_Exercise instructions_
Once you find the line with "Professional machinist. Horizontal" in the listing below, please repeat it and every later line exactly, through the last one, without pictures.

_Collected data_
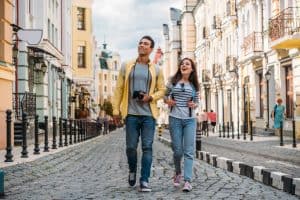 young man and woman traveling and sightseeing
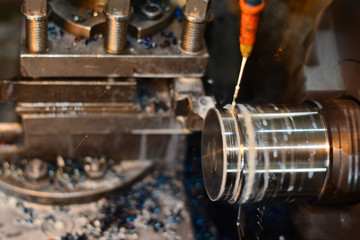 Professional machinist. Horizontal shot of a man operating lathe grinding machine metalworking industry concept copyspace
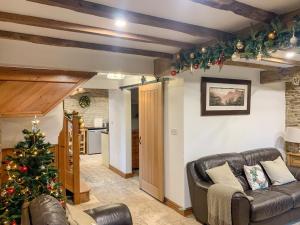 a living room with a christmas tree and a couch at Tawny Owl Barn in Barlow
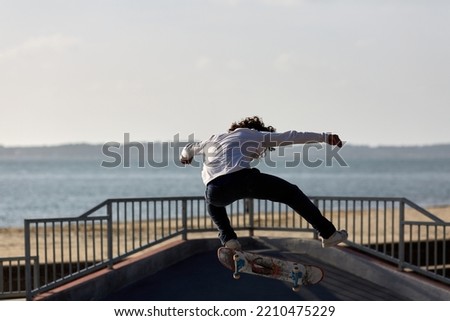 skateboarder jumping in a skatepark by the sea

_Solution for this problem_
 Professional machinist. Horizontal shot of a man operating lathe grinding machine metalworking industry concept copyspace
 a living room with a christmas tree and a couch at Tawny Owl Barn in Barlow
 skateboarder jumping in a skatepark by the sea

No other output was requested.